«Maudie»: puedo yo sola
La obra de Maud Lewis (1903-1970) se encuentra justo en ese límite (a menudo indiscernible y gratuito) que separa el arte de la artesanía. Maudie vendía sus cuadros de estilo naif a la puerta de la minúscula cabaña en la que vivía con su marido, un rudo pescador de Marshalltown, en la provincia canadiense de Nueva Escocia. Normalmente eran tablas de pequeño tamaño que mostraban paisajes, escenas navideñas, pájaros, gatos, leñadores… Nunca cobró más de 10 dólares por sus obras. En la actualidad se han llegado a pagar 45.000 por alguna de ellas.
Lo curioso es que, aunque vivió toda su vida en un entorno de una austeridad miserable, el dinero nunca fue la principal de su preocupaciones. Maud estaba enferma. Sufrió toda su vida de artritis reumatoide, un trastorno muy doloroso que inflama las articulaciones y acaba provocando graves deformidades óseas. Desde pequeña, todo su entorno familiar la consideró una inválida. Ella no. Nunca. De ninguna manera.

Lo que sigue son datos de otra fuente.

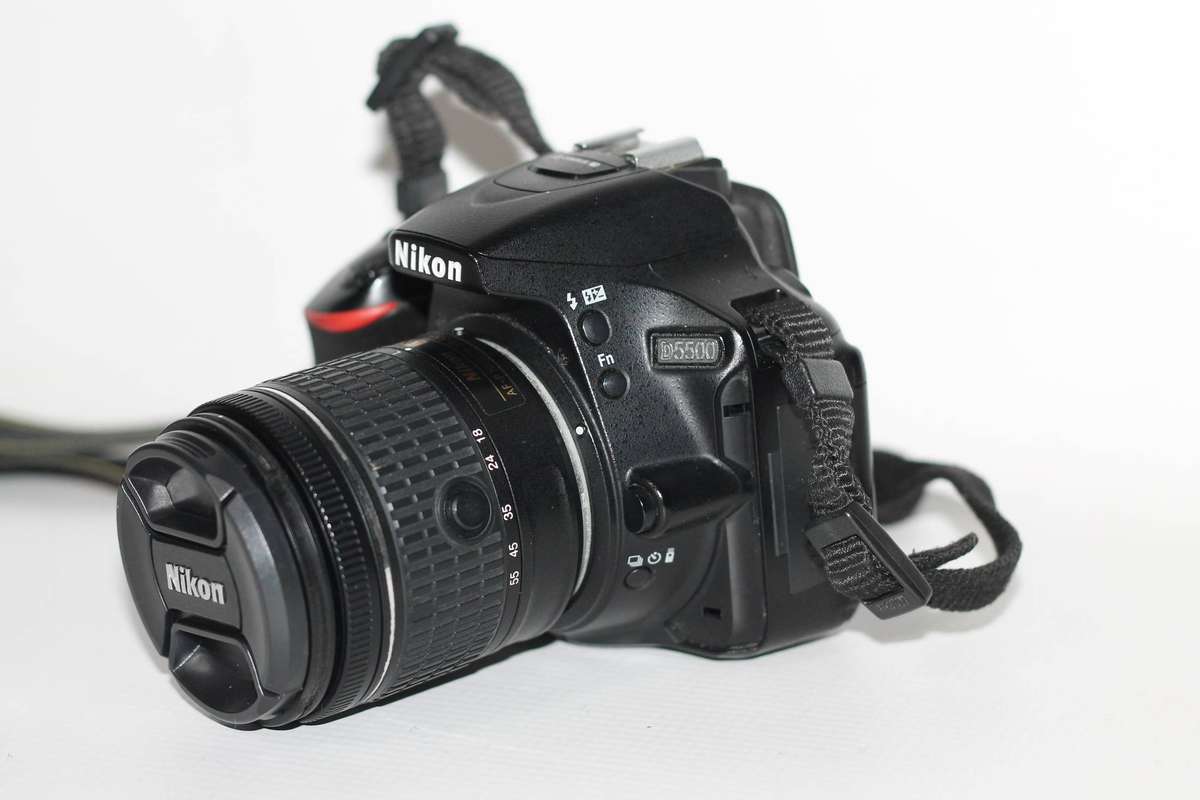 Nikon D5500 DX-format24PM  Digital SLR w/ 18-55mm VR Kit (Black)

Primero su hermano y luego su tía ejercieron sobre ella un cuidado tan exhaustivo que aquella pretendida asistencia no se diferenciaba mucho de la opresión. Finalmente, a los 35 años, decidió responder al anuncio que vio en el tablón de una tienda de ultramarinos y dejar atrás a sus familiares. El anuncio lo ponía un pescador y vendedor ambulante (interpretado en el filme por Ethan Hawke) que necesitaba una asistenta para su casa. Aunque decir casa quizás sea demasiado. Era más bien una vieja y minúscula cabaña instalada en medio de ninguna parte. Pero para Maud, ansiosa por escapar del control puritano de su tía, era más que suficiente.
La película que dirige la irlandesa Aisling Walsh no escamotea al espectador los episodios más duros de la relación entre Everett, el pescador huraño y emocionalmente inepto, y Maud, quien a base de ternura supo transformar en beneficio propio la hosca personalidad de su compañero. Esa es la clave para descifrar la vida y la obra de una mujer extraordinaria: la bondad, sí, ese atributo tan desvalorizado.
Maud Lewis, con sus manos retorcidas y su joroba a cuestas, fue una mujer bondadosa que respondía al desprecio y a las jugarretas de una vida desgraciada simplemente pasando página. Ella, que hubiera tenido sobradas razones para ahogarse en el rencor (contra su hermano, contra su tía, contra su marido, contra las habladurías de todo su pueblo), se volcó en sus pinceles, sus pinturas, sus flores, sus gatitos, sus mariposas.
Maud pintaba todo lo que estaba a su alcance, incluida la destartalada cabaña en la que vivía. Después de varias décadas decorando hasta el último rincón, la propia casa terminó siendo una de sus grandes creaciones.